5.3.2. Scenarios and use cases
Several scenarios and use cases of ML can be found in the literature. Usual applications involving detection, tracking, and forecasting of events and phenomena can be found in [18]. In accordance with the disaster scenario described in Section 6, the following applications are also noted:
-
hurricanes, tornados, and fires
-
weather fronts and atmospheric rivers
5.4. Annotation datasets
In our scenario, an analyst that must annotate imagery in order to train or retrain models has several modalities offered to him or her. For example, annotation clients and methods found in [4], [17] and [23] use point points, patches, bounding boxes, tiles, contours, and regions. The figure below illustrates the use of polygons to compactly delimitate objects of interest and may be considered as state-of-the-art.
Semantic aspects of annotation, including discussions on classes, labels, vocabularies and their granularity, can be found in [21] and [24]. The ML application in [20] describes the use of hierarchies, trees, ontologies, and directed graphs such as WordNet.
A large number of popular authoritative annotated data sources and datasets are referenced in [24], [25], [3], [26], [15], [20], [27] and [28]. These datasets include, but are not limited to, ImageNet, COCO, LandScan3, Urban 3D Challenge, IARPA, SpaceNet, PASCAL, Semantic Segmentation Challenge, Forest Recognition Competition, Flickr, GoogleImages, and OpenStreetMap. Instructions on how to construct training, validation, and test datasets while taking into account bias and diversity can be found in [17], [5] and [21].
5.5. Deep Learning
This section gives an overview of the main characteristics of DL models and highlights special considerations for geospatial intelligence tasks.
Deep learning refers to the practice of training large, multi-layered, artificial neural networks for supervised or unsupervised ML problems. Since the 90’s, neural networks have been known to be a universal function approximator, and stacking several layers was thought to be able to model complex non-linear relations, but training such models remained out of reach. It is not until 2006 that, due to a combination of factors (compute power, suitable datasets, and new training methods), DL models started surpassing the accuracy of other state-of-the-art ML models [29]. Since then, DL has become one of the most active research subjects in the field of ML. It is now at the core of many state-of-the-art models and has yielded many applications in the industry including in the imagery and geospatial data analysis domain.
In comparison with other methods in the field of ML, DL models presents several advantages:
-
a simple compute model (direct acyclic graph of linear transform or element-wise non-linearity)
-
a relatively straightforward optimization scheme (variants of the stochastic gradient descent)
-
potential universality in its application
In practice, DL has shown some limits [5] including:
-
difficult to apply on heterogeneous data
-
limited interpretability and explainability
-
training-set dependent bias
-
sensitivity to adversarial examples [30].

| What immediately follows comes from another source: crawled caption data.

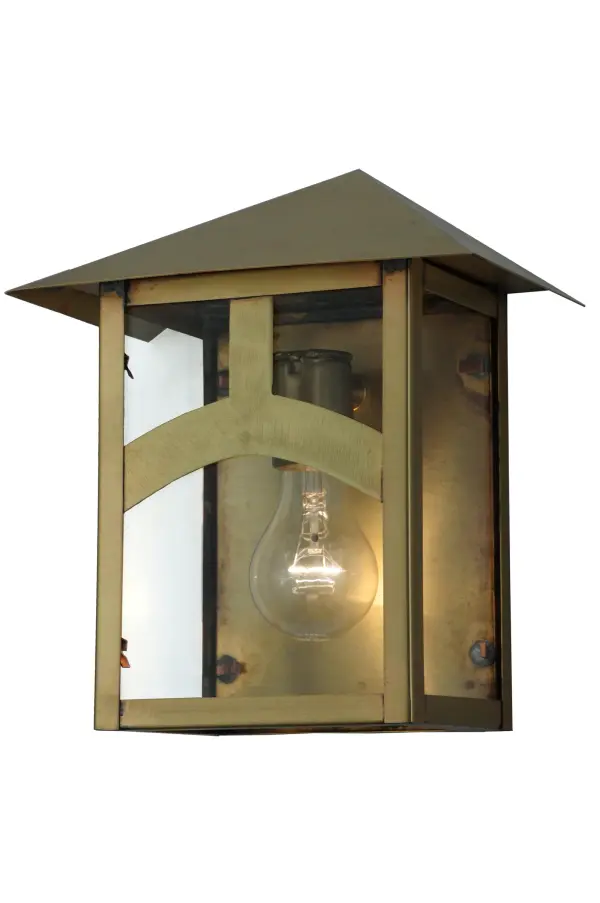 Custom-made from Solid Brass. The stunning Craftsman Signature Seneca design statement is captured with a dramatic Mission-style profile combined with an abstract Hilltop design. The Clear Glass Lens is enhanced with a frame and hardware in a Natural Brass finish. his fixture is ideal for illuminating hallways and entryways in a lake house; man cave; she shed; bar area; or boathouse. The Seneca Hill Top Wall Sconce is featured in our American-made; American-designed; handcrafted Craftsman Signature Series; manufactured in Yorkville; New York. L and cUL listed for dry; damp; and wet locations. ur Build Your Own Craftsman Signature Series features unlimited combinations of styles. The collection is called Build Your Own because it is fully configurable and customizable from size and design to finish and lens color. Marine-grade; solid brass; or copper raw materials are used to ensure that items from the Craftsman Signature Series of outdoor and indoor lighting will stand the test of time; as these premium metals are impervious to most forms of oxidation. and-applied Patina finishes on brass and copper are sealed with a clear varnish and; over time; may require gentle maintenance; such as wax; to delay or reverse the natural living finish attributes indicative of this finishing process. Patina finishes on brass and copper provide strong resistance to fading from sun exposure; will not chip or crack; and will not rust like a steel-framed item in the same conditions. Choose from many style options; or send us your concept today! Call today to learn how to use our website's configuration tool to get an instant item number.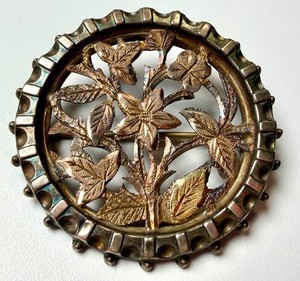 Antique Floral Brooch - Victorian Aesthetic Movement Sterling Silver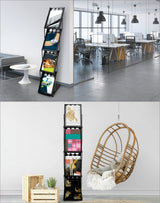 QWORK Magazine Brochure Display Rack Stand, 4 Pocket Foldable Literature Catalog Rack Book Holder Tradeshow Display Stand, for Office Store and Exhibition Trade Show (Black) QWORK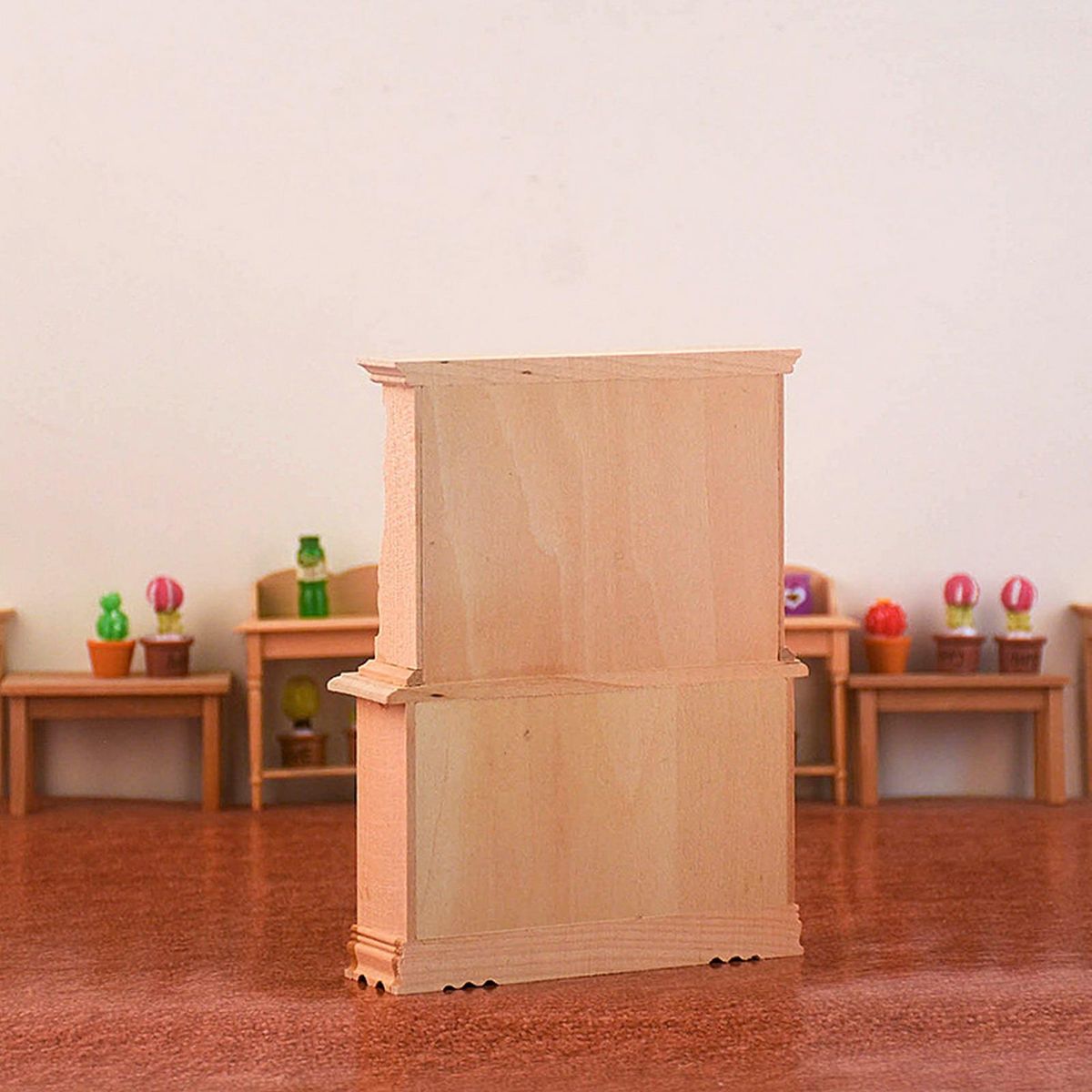 Mini Cabinet Model DIY Bookcase with Simulated Furniture Model Ornaments Wooden Color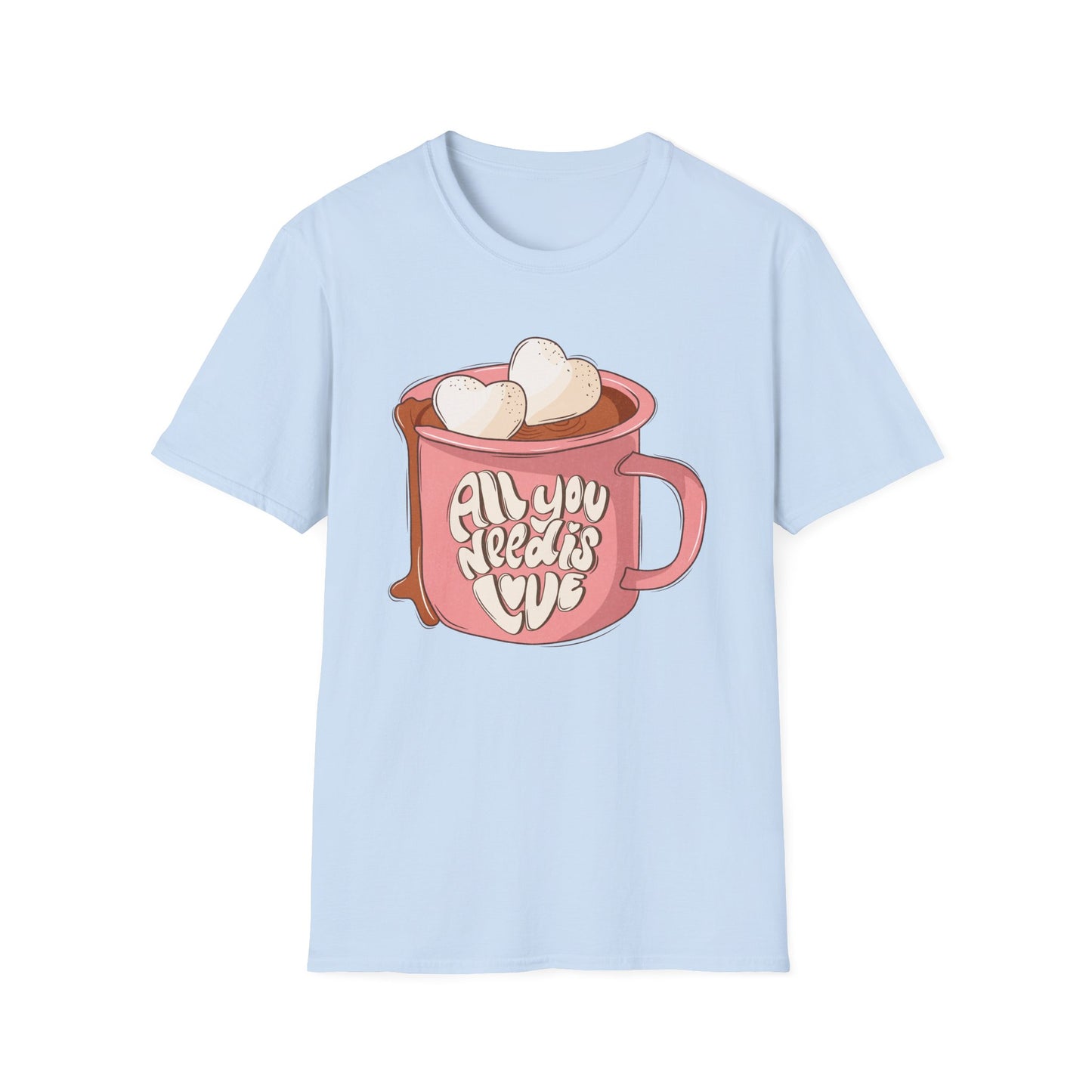 Sweet "All You Need Is Love" T-Shirt | Retro Hot Chocolate Mug with Heart Marshmallows | Adorable Valentine's Day & Cozy Love Tee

Deep learning models excel at processing 1D, 2D, 3D, dense, and homogenous data such as raster images, sound signals, text data, and time series (i.e.: data that can easily be represented as tensors). This effectiveness has led to many breakthroughs in accuracy for image classification, object detection, segmentation, speech recognition, and language modelling tasks. Deep learning-based methods have also yielded some impressive results on generative tasks, in particular with the use of GANs [15] (e.g,: increasing image resolution and generating maps from satellite images).
5.5.1. Special considerations
In the context of the design of ML services for geospatial applications, this section focuses on four aspects: runtime environment, feature engineering, training data availability, and transfer learning.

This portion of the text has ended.